Locus type / study approach | Number of loci |
---|---|
DNA level | |
Chromosomal aberrations |
32 |
Copy number variants (CNVs) |
2 |
Clinical syndromes |
42 |
Knock-out and transgenic experiments |
40 |
Association studies |
12 |
RNA level | |
Expression study |
112 |
Protein level |
|
Injection of exogenous protein |
1 |
Total | 217* |
* Unique loci (individual locus/gene reported by multiple studies was counted only once).
Chromosomal aberrations and copy number variations
We reviewed studies reporting 32 different chromosomal mutations including numerical and structural aberrations associated with cryptorchidism [22-33]. Additionally, two de novo copy number variations (CNVs) - microduplications were found to be associated with CO using array-based comparative genomic hybridization (aCGH) [34]. The collected data is available in Additional file 1: Table S1.
Clinical syndromes
Studies of complex disease traits can be facilitated by analysis of the molecular pathways represented by genes responsible for monogenic syndromes that also exhibit these traits [7,35]. There are over 200 different human syndromes with known molecular basis in OMIM database that feature “cryptorchidism” or “undescended testis” as a possible feature in their clinical synopsis. Since cryptorchidism phenotype prevalence is low in some syndromes, and could only occur coincidentally, it is difficult to justify association of syndrome causative genes with a particular phenotype.
To collect CO candidate genes (Additional file 2: Table S2) we obtained list of syndromes from the literature [4,36,37], OMIM and Diseases database (“may be caused or feature”) and then further examined phenotype-gene relationships and clinical features for each of the syndromes. Only syndromes where cryptorchidism is present as a regular feature, described in multiple clinical cases, and where gene(s) causing the syndrome is/are known were included.
Transgenes and knock-outs
From the Mouse Genome Informatics (MGI) database and the literature [38-42] we retrieved 39 mouse and one rat KO and transgenic experiments that result in phenotypes associated with CO (Additional file 3: Table S3).

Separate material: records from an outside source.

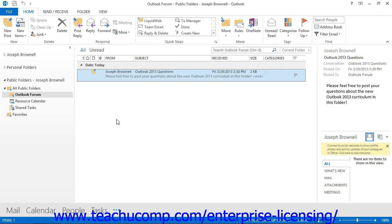After creating a public folder, you are the folder's owner. It is up to you to decide which users on your network can access the folder and what types of activities they can perform. If you are the folder's owner or have been given the owner permission by the folder's owner, you can set the folder's permissions.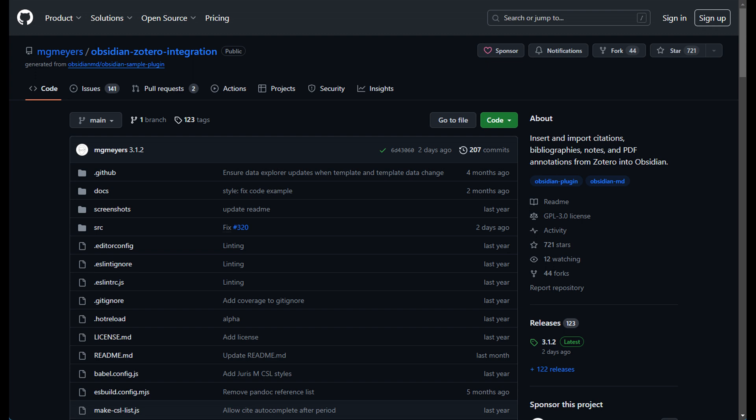Now when Zotero meets Obsidian through a free plug-in, the synergy is just remarkable. Transfer your annotated notes into Obsidian, which allows the creation of a rich interconnected knowledge base. There are a number of ways you can do this which will depend on your preference, but I will demonstrate these to you so you can compare.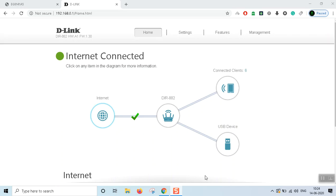Hi everyone, welcome to Cybetext. I planned to do a series of videos about wireless improvement and Wi-Fi speed improvement. I wanted to ask you a very important thing.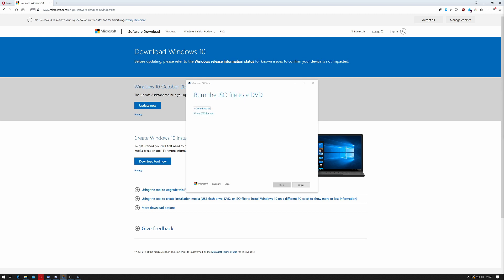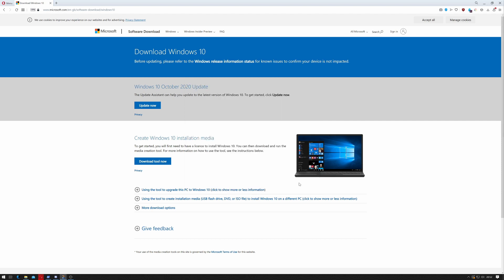So that's taken one hour and seven minutes on my 300 meg line to download. I think Microsoft's servers are a little on the slow side at the moment. Anyway, as you can see it's been downloaded to D:\Windows ISO. We can click Finish on that and it'll do some cleanup. And that's it cleaned up — that's how you get the latest version of Windows 10 downloaded to your machine.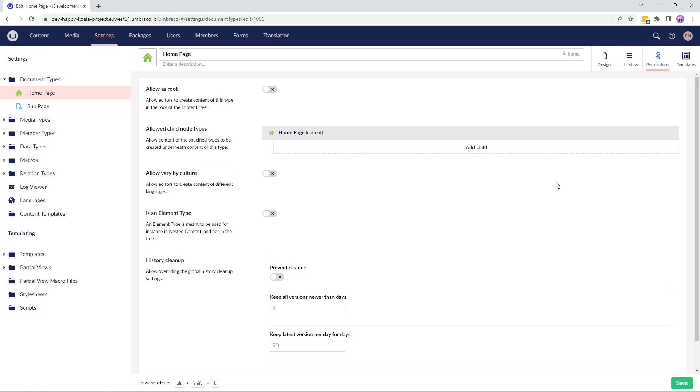The first option is allow as root. If we enable allow as root, you can set this document type as a root node in the content tree. Having a root node lets you quickly query content under it in the content tree.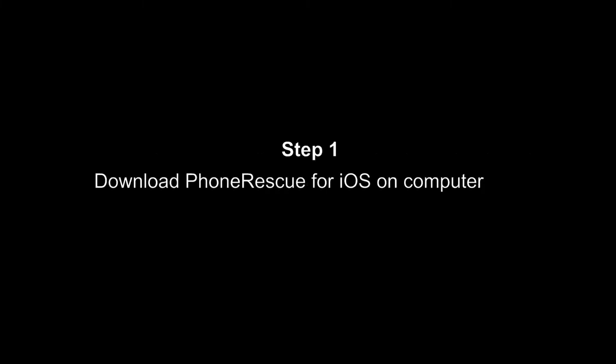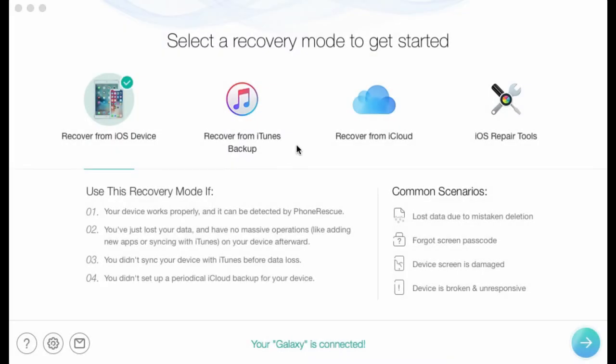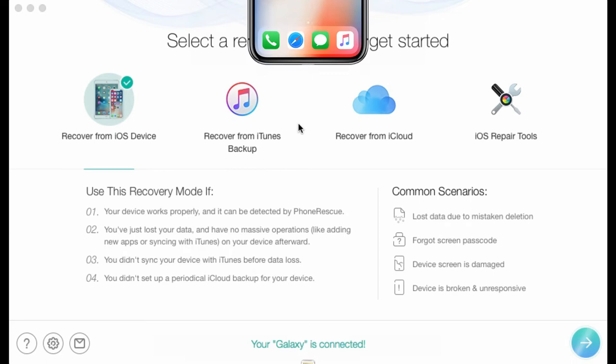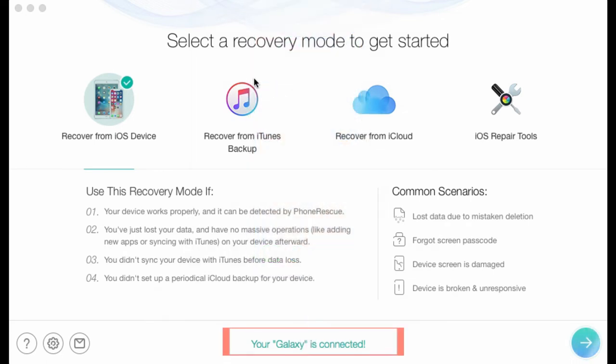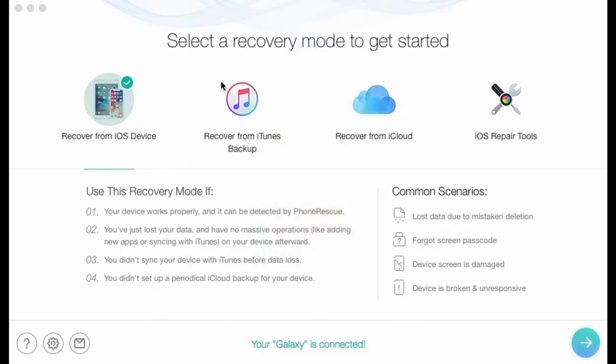Step 1: Download Phone Rescue for iOS on your computer and connect your iPhone. Step 2: Select Recover from iTunes Backup and select an iTunes Backup from the list.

Association studies/mutation screening
Nine genes (AR, BMP7, ESR1, HOXA10, INSL3, KISS1R, NR5A1, RXFP2, and TGFBR3) in human [43-59], INSL3 in sheep [60] and dog [61], and COL2A1 in dog [62] showed positive association between sequence polymorphisms/mutations and CO susceptibility (Additional file 4: Table S4). In the case of androgen receptor (AR) gene Ferlin et al. [45] found no difference between the numbers of CAG and GGC repeats, resulting in variable lengths of PolyGln/PolyGly in the AR gene and cryptorchidism; however, it has been proposed that a particular combination of the PolyGln/PolyGly polymorphisms may be linked to CO. In some cases opposing results have been found; for example, no association between the sequence polymorphisms and CO have been found for the genes ESR1[63-65], INSL3[66-68], HOXA10[69], and RXFP2[70]. The LHCGR has been excluded as a CO candidate gene in an association study in men [71], although KO of this gene in mice showed cryptorchid phenotype (MGI) and is causative gene of Leydig cell hypoplasia-a syndrome that features CO as one of the clinical signs (OMIM). In addition, Y chromosome microdeletions have been found to be present in patients with CO, but are not likely to be a common etiological cause of CO [72-74].
Expression patterns
There are several studies comparing expression profiles in testes between cryptorchid and normal males investigating the resulting effects of but not causes for development of CO (e.g.[75,76]). To our knowledge, there is only one microarray study that analyzed transcript profiles in gubernaculum during normal and abnormal testicular descent and reported 3589 differentially expressed genes between inherited cryptorchydism orl rats and a control group [7]. We included a subset of 112 promising candidate genes to our candidate gene list that were selected by the authors of the study based on expression levels, inclusion in specific pathways of interest and/or previous reports showing association with cryptorchidism (Additional file 5: Table S5).
Protein level
Hutson et al. (1998) [77] investigated the effect of exogenous calcitonin gene-related peptide (CGRP) in neonatal pigs. They found that exogenous CGRP, in pigs also known as calcitonin gene-related peptide B (CALCB), stimulated migration of inguinal testes that had been arrested in the line of descent, while ectopic testes did not respond. The results support the role for this protein in testicular descent. However, mutation screening performed by Zuccarello et al. (2004) [78] failed to confirm CGRP (in human also known as CALCA) pathway genes as a major players in human sporadic CO.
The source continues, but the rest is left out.